Yes, the Government Can Track Your Location – But Not Directly Spying On You

The Hidden Cost of Location Data

If you use a mobile phone with location services enabled, it's likely that data about where you live, work, shop, and even travel is being collected and potentially sold. This data can include details about your daily routines, such as where you attend church or visit the doctor. Surprisingly, U.S. Immigration and Customs Enforcement (ICE) is one of the entities that may be purchasing this information.

The U.S. government doesn't need to collect this data directly because your mobile phone is already doing it for you. While some apps collect location data for their intended purpose—like navigation or weather forecasts—more often, this information is gathered in the background without your knowledge.

As a privacy researcher, I study how people understand and make decisions about the data collected about them. My work also focuses on developing new ways to help consumers regain control over their privacy. Unfortunately, once you grant an app or website permission to access your location data, you lose control over how that data is used and shared, including who it is sold to.

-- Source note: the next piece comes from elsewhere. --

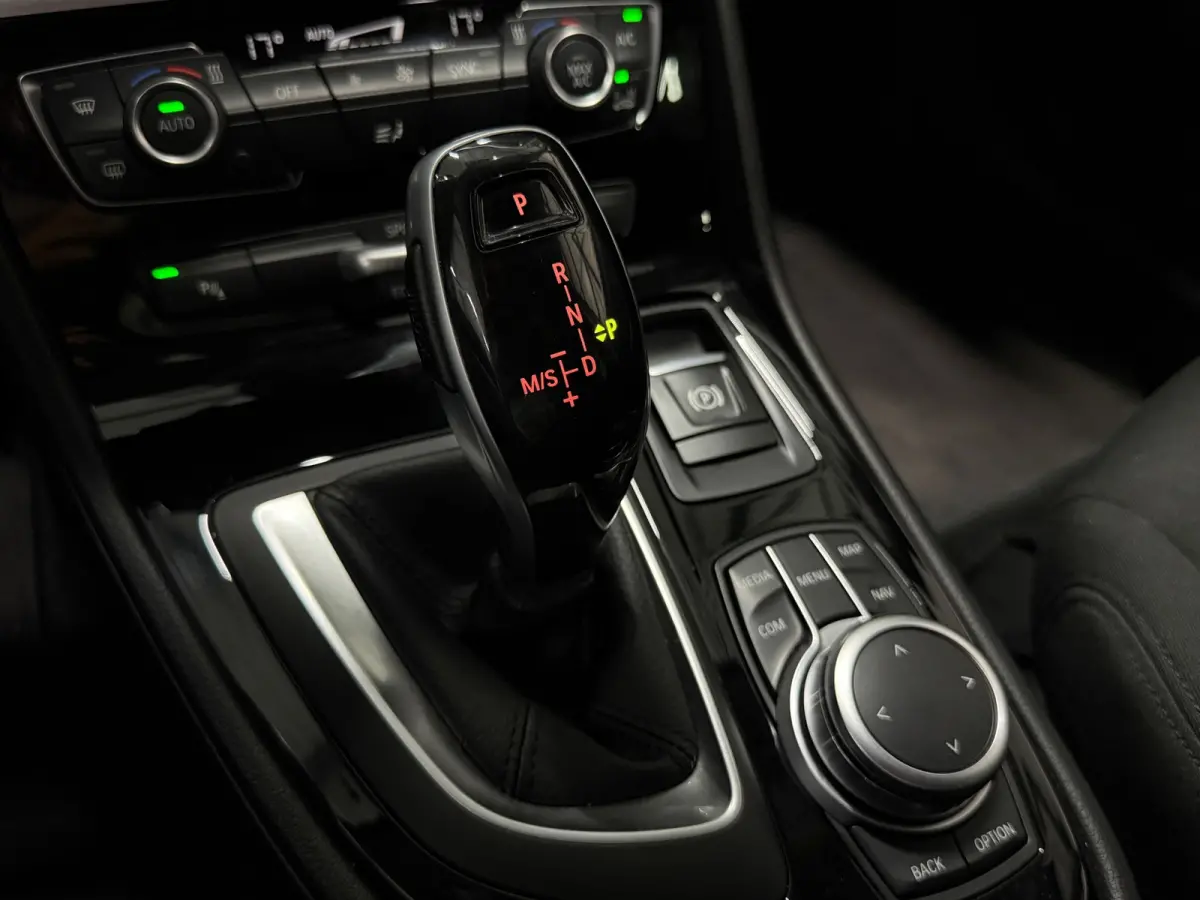 218i Automaat | Trekhaak | Navigatie | LED | Achteruitrijcamera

Why Mobile Phones Collect Location Data

Mobile phones collect location data for two main reasons: as a by-product of their normal operation and because they are required to do so by law.

Mobile phones constantly scan for nearby cell towers to ensure that when someone wants to make a call or send a text, the phone is already connected to the closest tower. This process makes calls and texts faster. To maintain service quality, phones often connect to multiple cell towers simultaneously. The range of a cell tower’s signal can be visualized as a large bubble, and the phone’s location is calculated using triangulation based on the intersection of these bubbles.

In addition to cell tower triangulation, mobile phone carriers have been legally required since 2001 to provide latitude and longitude information for phones used to call 911. This helps emergency responders reach individuals more quickly. A recent segment on "The Today Show" highlighted how your phone reveals your movements and activities.

How Location Data Ends Up Being Shared

When users allow websites and apps to access their location data, the software developers can share this information widely without seeking further permission. Sometimes, apps themselves do this through partnerships with data brokers.

More commonly, apps and websites that display advertisements share location data through a process called "real-time bidding." This system determines which ads are shown by allowing third parties hired by advertisers to place automated bids on ad space. These third parties aim to show ads to users who match the desired profile.

To identify the right audience, software embedded in the app or website shares user data—including location—with the third parties placing the bids. These middlemen can keep the data and use it however they see fit, including selling it to location data brokers, regardless of whether their bid wins the auction.

What Happens to the Data Once It Is Shared

Once acquired, location data is sold widely, including to companies known as location-based service providers. These companies repackage the data and sell access to tools that monitor people’s locations. Some tools offer services like roadside assistance, while others are used by police departments, government agencies, and others to track individuals.

In October 2025, news outlets reported that ICE purchased a location surveillance tool from a company called Penlink. This tool can track the movements of specific mobile devices over time in a given location. Such tools allow users to access location data from "hundreds of millions of mobile phones" without a warrant.

Why It Matters

The invisible collection, sale, and repackaging of location data is a significant issue because this data is extremely sensitive and cannot be made anonymous. The two most common locations a person visits are their home and workplace. From this alone, it is easy to determine a person’s identity and match it with other data these companies have acquired.

Most people are unaware that the location data they allowed apps and services to collect for one purpose, like navigation or weather, can reveal sensitive personal information that they may not want to be sold to a data broker. For example, a research study I conducted found that even though people use location data to track their routes while exercising, they didn’t consider how that data could be used to infer their home address.

This lack of awareness means people can't expect that data collected through their phone's normal use might be available to entities like ICE. More restrictions on how mobile phone carriers and apps collect and share location data—and how the government accesses and uses this information—could help protect privacy. So far, efforts by the Federal Trade Commission to curb carriers’ data sales have had mixed results in federal court, and only a few states are attempting to pass legislation to address the issue.